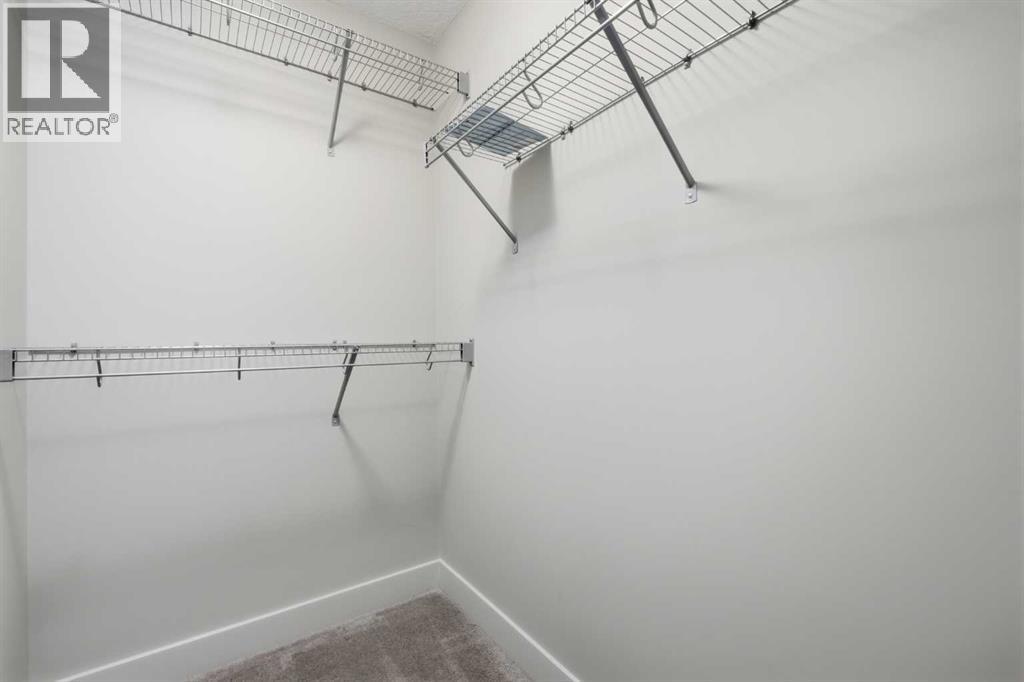 86 Panton View NW, Calgary, Alberta  T3K 0X6 - Photo 29 - A2304408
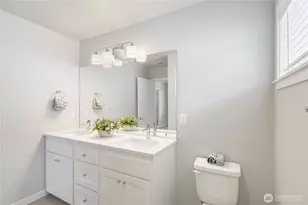 12021 SE 5th, Vancouver, WA 98683 - Photo 27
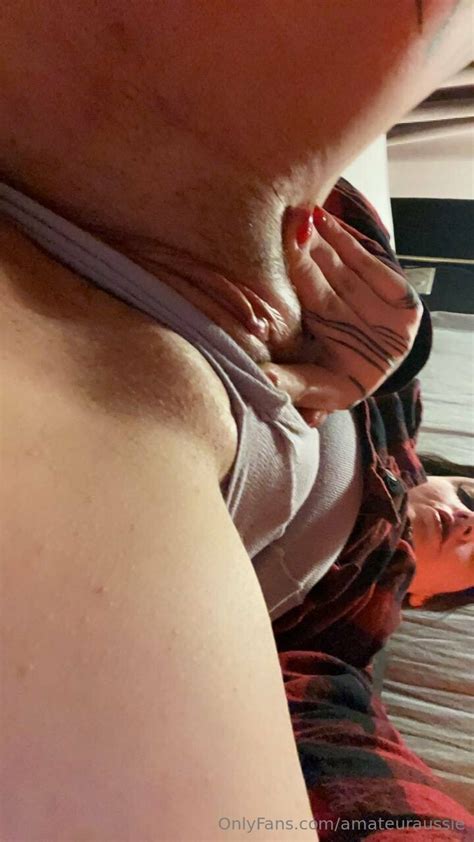 Amateuraussie Porn Pic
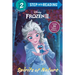 Spirits of Nature (Disney Frozen 2)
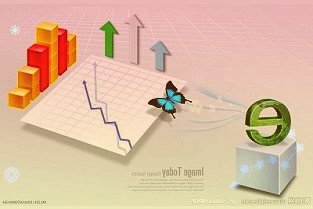 路德環(huán)境：公司白酒糟生物發(fā)酵飼料可以替代部分豆粕、玉米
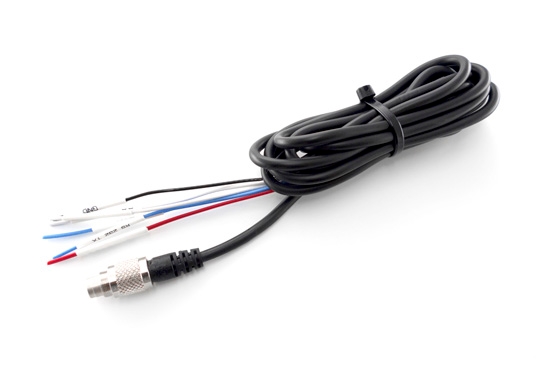 OCAK-SODL103_2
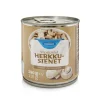 ELDORADO HERKKUSIENI VIIPALE 190/115G 115 G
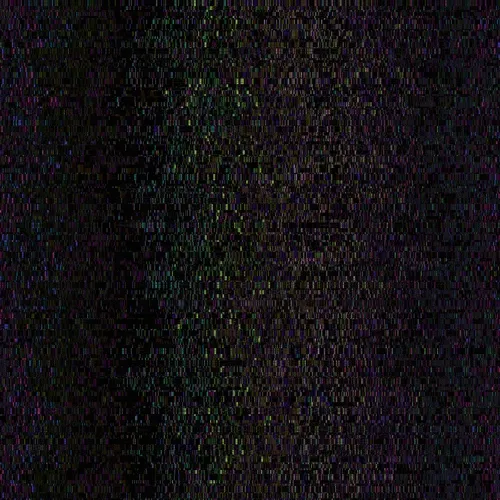 The Noise Project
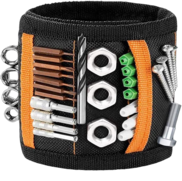 <notranslate>a Bracelet Magnétique Ultrics</notranslate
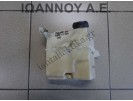 ΔΟΧΕΙΟ ΝΕΡΟΥ ΨΥΓΕΙΟΥ 25430-07100 KIA PICANTO 2004 - 2008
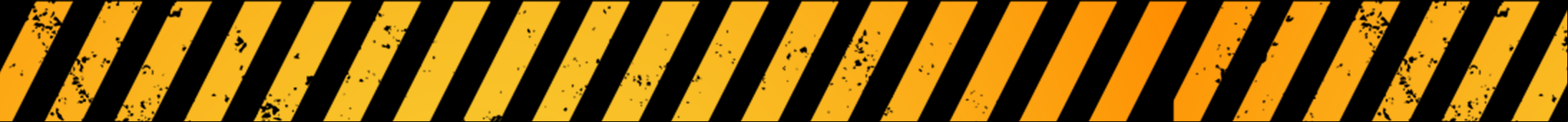 Faixa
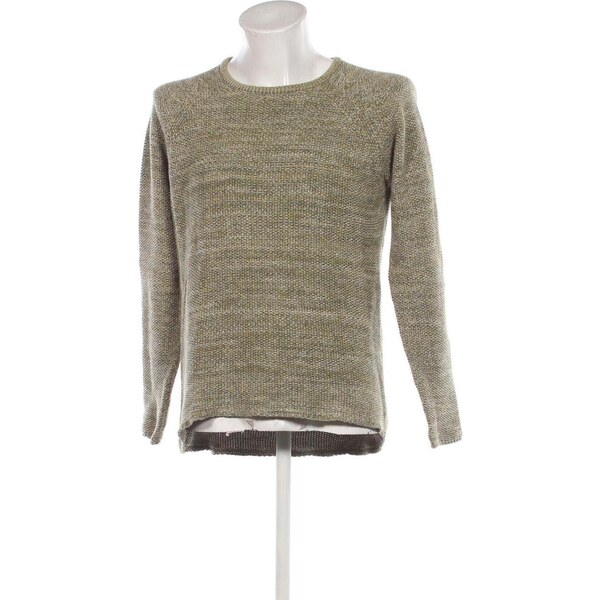 Pánsky sveter RVLT Revolution 64517963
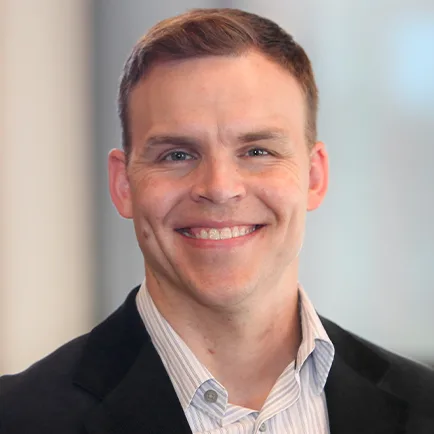 Mr. Timothy John Randall, ASA appraiser or business image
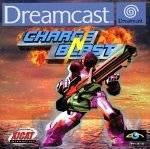 Charge 'N Blast - PAL Sega Dreamcast | Anubis Games and Hobby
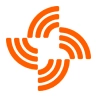 استریمر داتاکوین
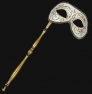 eye_mask_stick_white
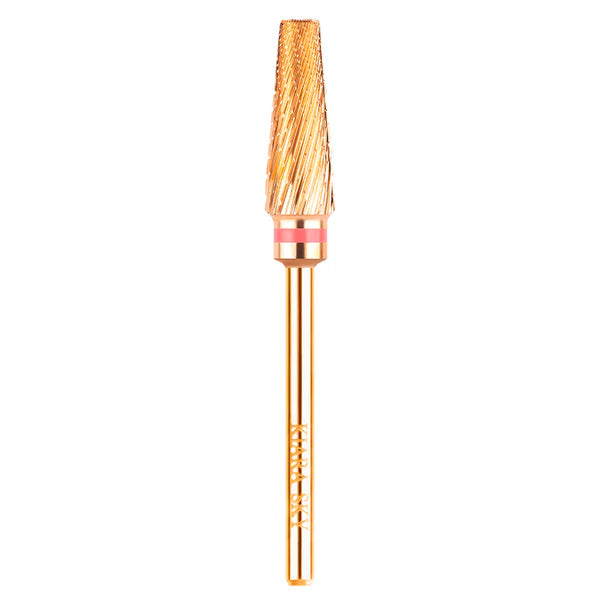 5-in-1 Pro Drill Bit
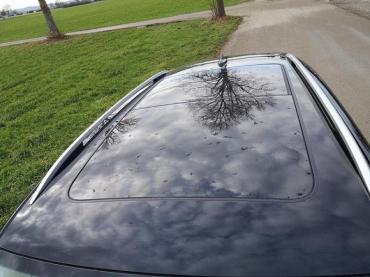 Fahrzeug ansehen: VW Tiguan 2.0 TDI 110 kW Life Tiguan 2.0 TDI Life Pano IQ... VW Tiguan 2.0 TDI 110 kW Life Tiguan 2.0 TDI Life Pano IQ...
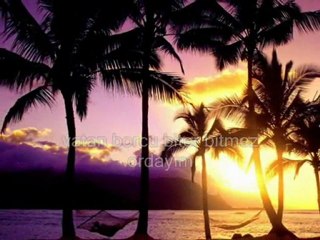 Film=VATAN BORCU BİTER BİTMEZ ORDAYIM=MEHMET SANCAK ŞİİRi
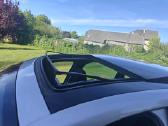 Renault Grand Scenic - nuotraukos Nr. 21
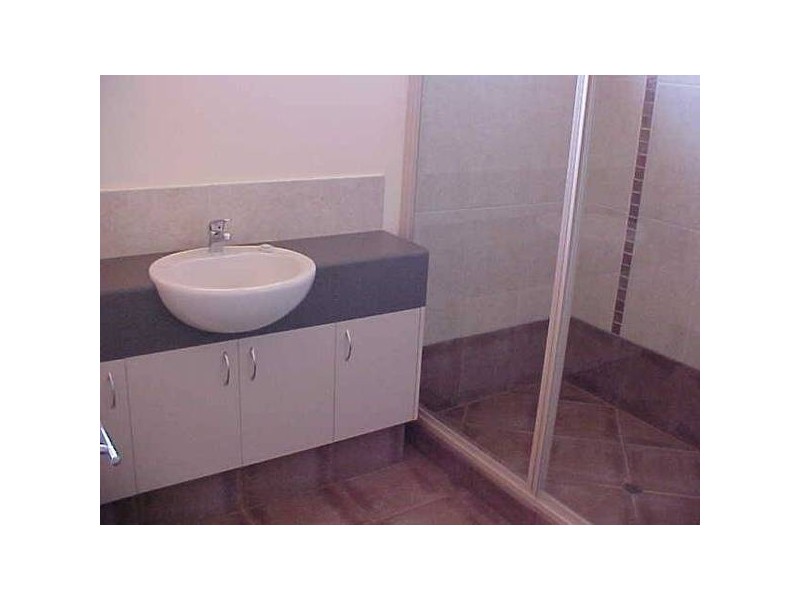 6/8 Seko Place, Broome WA 6725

- _Exercise_
Please set the records down again exactly as written. The pictures should not be included.

- _Output for this task_
 86 Panton View NW, Calgary, Alberta  T3K 0X6 - Photo 29 - A2304408
 12021 SE 5th, Vancouver, WA 98683 - Photo 27
 Amateuraussie Porn Pic
 Spirits of Nature (Disney Frozen 2)
 路德環(huán)境：公司白酒糟生物發(fā)酵飼料可以替代部分豆粕、玉米
 OCAK-SODL103_2
 ELDORADO HERKKUSIENI VIIPALE 190/115G 115 G
 The Noise Project
 <notranslate>a Bracelet Magnétique Ultrics</notranslate
 ΔΟΧΕΙΟ ΝΕΡΟΥ ΨΥΓΕΙΟΥ 25430-07100 KIA PICANTO 2004 - 2008
 Faixa
 Pánsky sveter RVLT Revolution 64517963
 Mr. Timothy John Randall, ASA appraiser or business image
 Charge 'N Blast - PAL Sega Dreamcast | Anubis Games and Hobby
 استریمر داتاکوین
 eye_mask_stick_white
 5-in-1 Pro Drill Bit
 Fahrzeug ansehen: VW Tiguan 2.0 TDI 110 kW Life Tiguan 2.0 TDI Life Pano IQ... VW Tiguan 2.0 TDI 110 kW Life Tiguan 2.0 TDI Life Pano IQ...
 Film=VATAN BORCU BİTER BİTMEZ ORDAYIM=MEHMET SANCAK ŞİİRi
 Renault Grand Scenic - nuotraukos Nr. 21
 6/8 Seko Place, Broome WA 6725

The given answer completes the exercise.